The NCLT, Kolkatta Bench, in its judgment observed that:
"Corporate Debtor is having development rights to the properties. It is intangible assets of the corporate Debtor. RP holds same development rights relating to those properties. He has to proceed with the CIRP of the Corporate Debtor and invite resolution plan on the basis of those rights. The respondents cannot obstruct his possession and activities in any manner. Hence, we allow this application i.e. CA(IB) No. 1807/KB/2019"
With the aforesaid observation, the NCLT Kolkata bench, disposed off the applications with the following order :
"The Respondent (or any other person acting through them in CA(IB) No.1807/ KB/ 2019) shall not obstruct RP's possession and his activities relating to CIRP of the Corporate Debtor, until further orders, failing which the local police are directed to give every assistance to the RP for completion of CIRP of the Corporate Debtor effectively."

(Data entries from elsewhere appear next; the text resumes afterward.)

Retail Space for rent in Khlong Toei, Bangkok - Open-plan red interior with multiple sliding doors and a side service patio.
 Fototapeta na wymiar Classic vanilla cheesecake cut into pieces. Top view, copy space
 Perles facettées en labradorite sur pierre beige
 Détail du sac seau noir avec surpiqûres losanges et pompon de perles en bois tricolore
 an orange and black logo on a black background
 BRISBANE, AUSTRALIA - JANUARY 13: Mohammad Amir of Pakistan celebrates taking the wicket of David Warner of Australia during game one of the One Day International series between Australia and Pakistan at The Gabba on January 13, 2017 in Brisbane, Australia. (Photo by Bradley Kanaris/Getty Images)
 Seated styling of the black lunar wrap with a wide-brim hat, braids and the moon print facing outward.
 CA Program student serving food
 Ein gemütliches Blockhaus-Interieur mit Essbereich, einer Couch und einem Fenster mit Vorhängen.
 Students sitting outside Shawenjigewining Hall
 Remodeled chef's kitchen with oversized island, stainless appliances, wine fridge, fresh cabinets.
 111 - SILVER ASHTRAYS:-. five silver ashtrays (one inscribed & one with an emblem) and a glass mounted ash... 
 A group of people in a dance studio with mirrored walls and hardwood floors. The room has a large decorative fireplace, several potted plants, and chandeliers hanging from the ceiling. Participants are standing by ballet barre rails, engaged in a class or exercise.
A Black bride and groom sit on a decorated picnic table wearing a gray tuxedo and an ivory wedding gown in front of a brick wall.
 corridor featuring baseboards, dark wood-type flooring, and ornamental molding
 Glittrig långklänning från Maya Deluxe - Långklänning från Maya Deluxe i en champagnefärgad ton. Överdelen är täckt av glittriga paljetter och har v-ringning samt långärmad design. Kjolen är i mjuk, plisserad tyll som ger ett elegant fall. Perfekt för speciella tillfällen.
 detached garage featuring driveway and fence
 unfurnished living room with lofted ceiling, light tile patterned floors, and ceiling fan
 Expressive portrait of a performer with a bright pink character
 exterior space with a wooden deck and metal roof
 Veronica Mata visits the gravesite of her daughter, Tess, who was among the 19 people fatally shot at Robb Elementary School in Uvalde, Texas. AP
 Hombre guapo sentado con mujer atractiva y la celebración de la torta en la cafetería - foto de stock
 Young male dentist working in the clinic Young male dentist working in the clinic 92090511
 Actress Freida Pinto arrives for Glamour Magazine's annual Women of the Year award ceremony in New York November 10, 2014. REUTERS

Thereafter, the Land Owner proceeded to challenge the aforementioned order of the NCLT before and the NCLAT dismissed the appeal thus restraining the Land Owner from recovering the possession of the Property from the Resolution Professional during insolvency.
The observations in the aforesaid judgment make it clear that no entity, not even the actual owner of an immovable property, can recover possession of that property, if development rights in respect of that property have been given to a company, which in turn goes into insolvency. The only prerequisite that appears to emerge, is that the agreement granting these development rights must not be terminated.
However, an important question arises out of this proposition which still remain unclear:
What happens in a situation where the development agreement granting the development rights has been terminated by the land owner vide a termination notice or a suit, but the same is disputed by the Corporate Debtor. In this situation, where the development agreement is terminated, and the same remains under challenge, the suit for termination filed by the land owner would also stand stayed post admission of insolvency under section 14 of the IBC against the Corporate Debtor. In such a situation, what will be an appropriate forum to decide whether the termination was valid?
Development rights in insolvency are integral to every company in the business of Real Estate, and the judgment in Victory Works can be utilized as an important judicial precedent that addresses the preservation of these rights during insolvency. While it has, to some extent provided much needed clarity, there are a few aspects of these rights that ought to be examined and clarified by the courts of India.